Gary Harris Per 36 Minutes Pts Ast FG% 3FG%
2014-15 9.4 1.5 30.4% 20.4%
2015-16 12.9 2.4 45.8% 34.9%

Jameer Nelson: C+

This grade was a D- before Mudiay got injured and Nelson's minutes began to go up. It's hard to tell if Jameer wasn't comfortable with such a limited role off of the bench or if he was just having a sloppy season but Jameer really struggled in the opening month and a half of the season. The Nuggets expected him to be a stabilizing force behind the up and down play of Mudiay but unfortunately, Jameer looked shaky at times, forcing turnovers and leading the offense into chaos far too often. He's shooting the lowest FG% of his career although also taking the lowest number of attempts per game. He's played much better over the last few weeks and the Nuggets as a whole look much more confident when he is on the court. It may be that he was uncomfortable with his role behind a rookie who was clearly an inferior player at this point. It will be very interesting to see how Malone handles minutes and rotation once Mudiay is back.

Joffrey Lauvergne: B-

Joffrey has been hit with some adversity in the form of injuries this season which may have cost him a bit of rhythm. Jokic appears to have passed him in the rotation and with Jusuf Nurkic set to return sometime in January, Joffrey may find himself playing very limited minutes before too long. Still, Joffrey’s numbers are up across the board. He’s made 9 of his 20 3-point FGAs. He seems to have the green light to shoot wide open 3-pointers but the Nuggets might be smart to try and find him more shots from the perimeter. He has the size and strength to match-up against big bodied forwards and centers on defense so if he can become more of a stretch big on offense, he might add to his value. With just 16 games under his belt, it’s hard to give him anything higher than a B-, which is by no means a low grade. Let’s see how he fits into the rotation in the coming weeks.

Randy Foye: D

Foye might be the new Hickson, in that he is the player most likely to earn fans irrational hatred. Foye hasn't been great and hasn't been especially awful. Despite a few hot shooting nights over the last 10 games, Foye has been remarkably cold from long distance this season, shooting a career low 29.8% from 3. He's especially struggled with "open" shots, shots where defenders are between four and six feet from him. He has made just 14 of 59 such shots this season, the worst 3FG% on the team for such shots. When he's not hitting shots, he really doesn't contribute a whole lot. He's been forced to play point guard for extended minutes in recent games yet that hasn't seemed to affect his overall impact.Harris and Barton have both been much more effective at shooting guard this season and Foye will likely have his minutes cut once the roster is back to full strength.

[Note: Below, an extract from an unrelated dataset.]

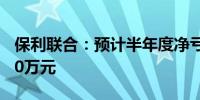 保利联合：预计半年度净亏损4600万元–5600万元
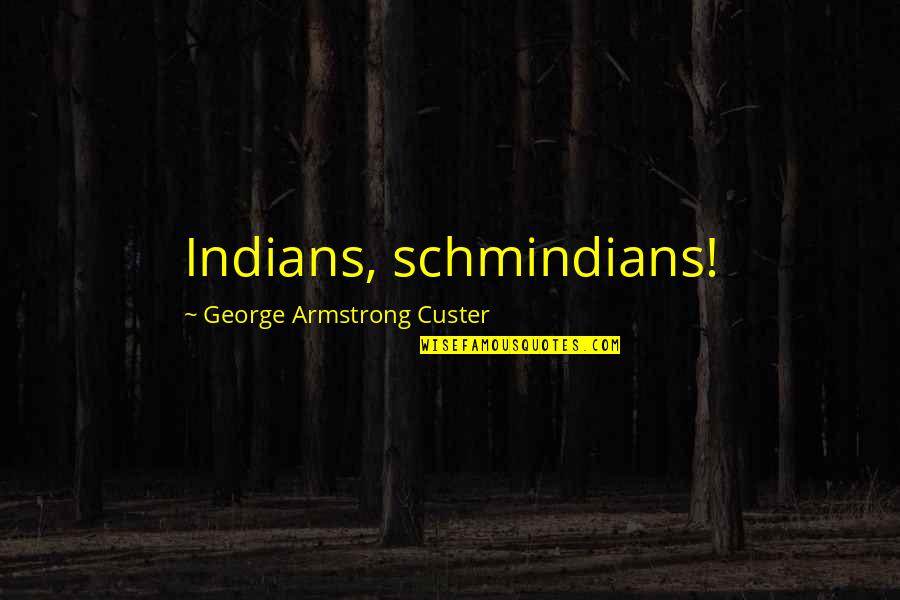 Pastor Chris Hill Quotes By George Armstrong Custer: Indians, schmindians!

Michael Malone: A- but also Incomplete

Malone has done plenty of praiseworthy things with the Nuggets in his first two months with the team. The team has played hard much more frequently than they did last season and there are absolutely no questions about who is running the show in the locker room. He has been quick to yank guys for not doing what they are told. JJ Hickson is exhibit A of Malone’s willingness to bench any player that doesn’t fit with what he is trying to get the team to do. It’s still hard to judge the effectiveness of a coach when the roster has been as banged up as the Nuggets have been. Wilson Chandler and Nurkic would’ve made this team dramatically different and almost certainly much more successful. Unfortuantely, Malone has had to spend too much time trying to balance players coming in and out of the lineup and figuring out which guard can be forced to play forward, and which forward can be forced to play center. The next two months will be very telling for Malone and his vision with the team. Integrating Nurkic into the rotation while also building on the principles that he has put in place will go a long way in telling what type of season he and the Nuggets will have this year.